:: INFORMATION PROVIDED ::

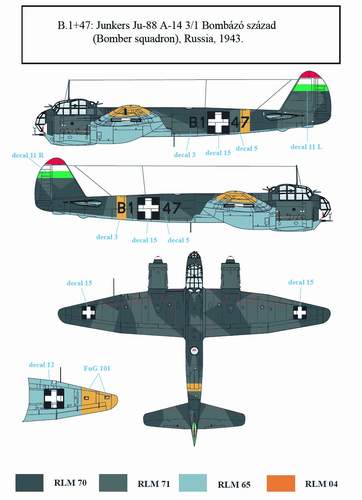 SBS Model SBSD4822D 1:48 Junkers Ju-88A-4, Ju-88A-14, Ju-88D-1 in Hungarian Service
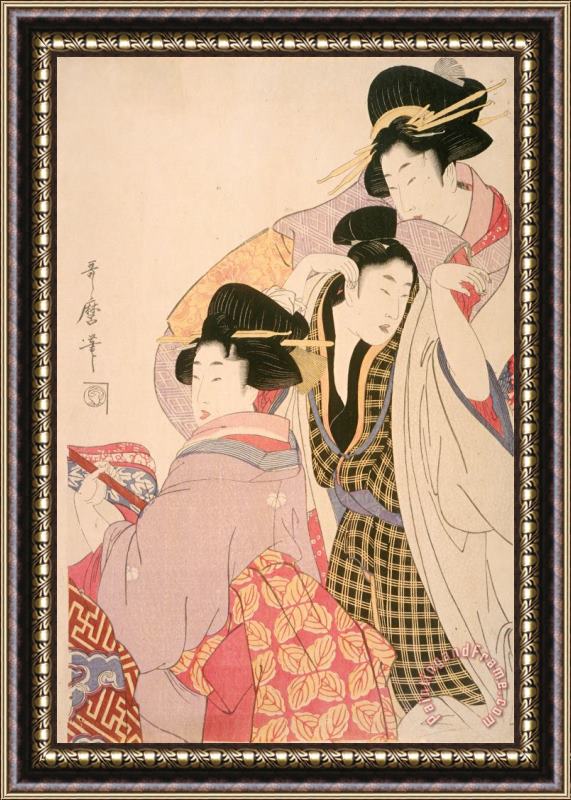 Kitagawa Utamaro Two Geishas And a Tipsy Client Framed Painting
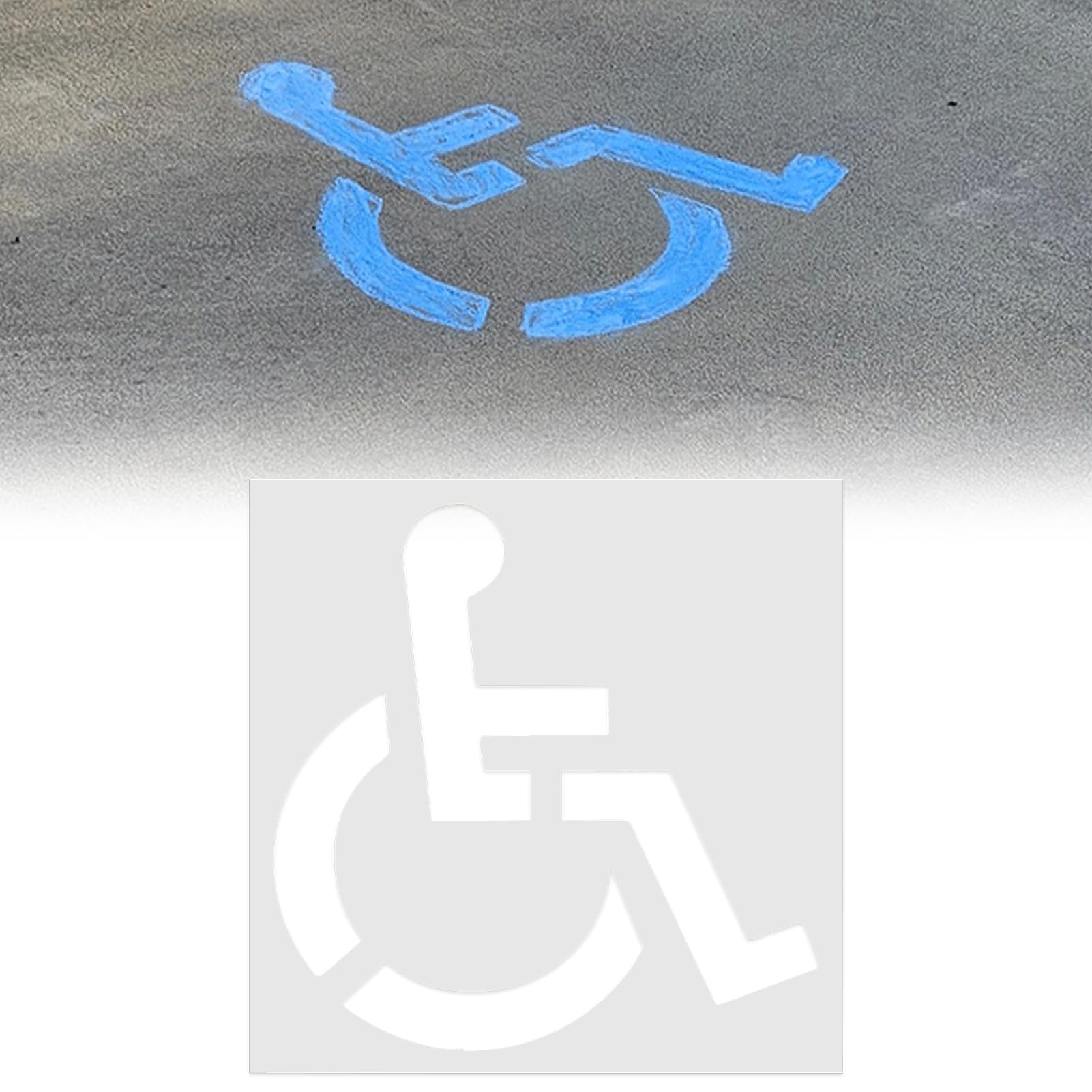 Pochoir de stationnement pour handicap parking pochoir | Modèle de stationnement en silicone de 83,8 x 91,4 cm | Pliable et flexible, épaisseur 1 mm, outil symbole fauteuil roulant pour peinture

:::

TASK OBJECTIVE:
Take the whole listing above and copy it exactly. Pictures do not go into the copy.

ANSWER BOX:
 SBS Model SBSD4822D 1:48 Junkers Ju-88A-4, Ju-88A-14, Ju-88D-1 in Hungarian Service
 Kitagawa Utamaro Two Geishas And a Tipsy Client Framed Painting
 Pochoir de stationnement pour handicap parking pochoir | Modèle de stationnement en silicone de 83,8 x 91,4 cm | Pliable et flexible, épaisseur 1 mm, outil symbole fauteuil roulant pour peinture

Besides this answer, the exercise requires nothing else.